## Supplied records
________________________

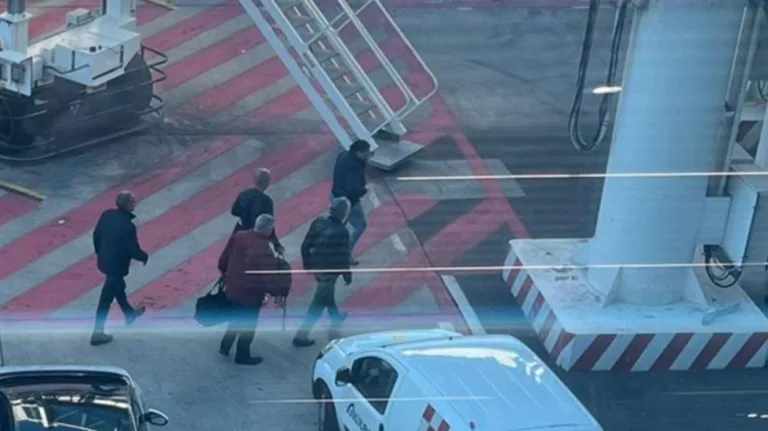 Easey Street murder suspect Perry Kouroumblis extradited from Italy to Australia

________________________

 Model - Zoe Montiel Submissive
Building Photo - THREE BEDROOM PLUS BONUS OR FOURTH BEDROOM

________________________

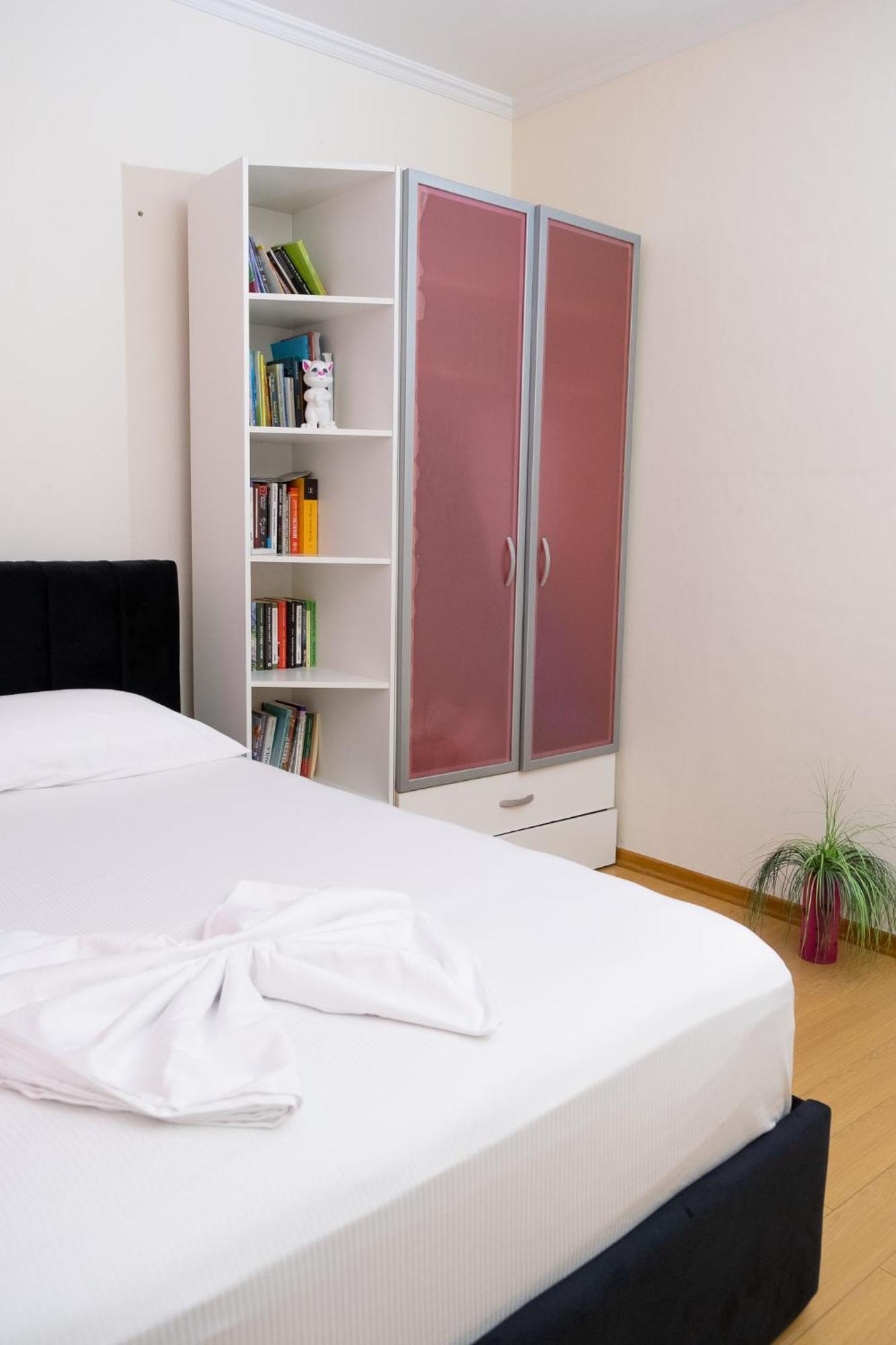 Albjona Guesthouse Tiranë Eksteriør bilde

________________________

## Try it
Each line above from the one with "Model - Zoe Montiel Submissive" up to and including the one with "Building Photo - THREE" must be set down exactly, and no line outside that span may appear.

## Written answer
 Model - Zoe Montiel Submissive
Building Photo - THREE BEDROOM PLUS BONUS OR FOURTH BEDROOM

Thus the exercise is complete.